Positions were liquidated at the close.

In order to investigate the effects of the size of the data window, I varied its size between 15 and 1,600 days and recorded the cross-validated performance for each case. I also recorded the average in-sample performance on each of the training windows. Slicing up the data so that the various cross-validation samples were consistent across window lengths took some effort, but this wrangling was made simpler using Max Kuhn (to whom I once again tip my hat) and his caret package.

The results are presented below.

We can see that for the smallest window lengths, the in-sample performance greatly exceeds the cross-validated performance. In other words, when we use very little data, the model fits the training data well, but fails to generalize out of sample. It has a variance problem, which is what we would expect.

Then things get interesting. As we add slightly more data in the form of a longer training window, the in-sample performance decreases, but the cross-validated performance increases, very quickly rising to meet the in-sample performance. In-sample and cross-validated performance is very similar for a range of window lengths between 25 and 75 days. This is an important result, because when the cross-validated performance approximates the in-sample performance, we can conclude that the model is capturing the underlying signal and is therefore likely to generalise well. Encouragingly, this performance is reasonably robust in the approximate window range 25-75 days. If we had only one data point showing reasonable cross-validated performance, I wouldn’t trust that this wasn’t due to randomness. The existence of a region of reasonable performance implies that we may have a degree of confidence in the results.

As we add yet more data to our training window, we can see that the in-sample performance continues to deteriorate, eventually reaching a lower limit, and that the cross-validated performance likewise continues to decline, with a notable exception around 500 days.
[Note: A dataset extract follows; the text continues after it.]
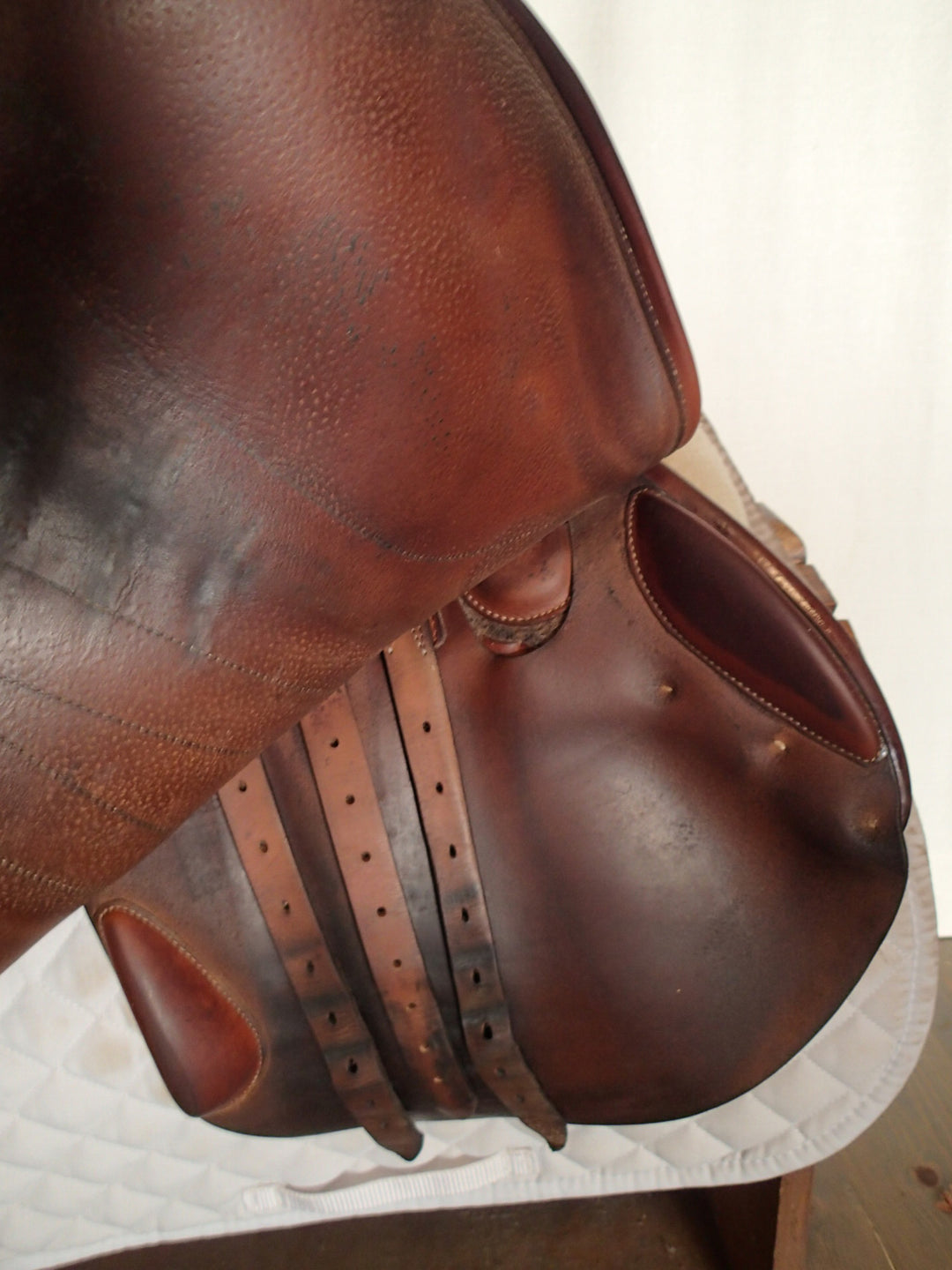 17.5" Butet Premium Saddle - Full Calfskin - 2017 - M Seat - 2.5 Flaps - 4.25" dot to dot (055)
This suggests that as we increase the training window length, the model develops a bias problem and underfits the data.

These results are perhaps confounded by the fact that the optimal window length may be a characteristic of this particular market and the particular 10-year period used in this experiment. Actually, I feel this is quite likely. I haven’t run this experiment on other markets or time periods yet, but I strongly suspect that each market will exhibit different optimal window lengths, and that these will probably themselves vary with time. Notwithstanding this, it appears that we can at least conclude that in finance, more data is not necessarily better.

**Equity Curves**

I know how much algorithmic traders like to see an equity curve, so here is the model performance using a variety of selected window lengths, as well as the buy and hold equity curve of the underlying. Transactions costs are not included.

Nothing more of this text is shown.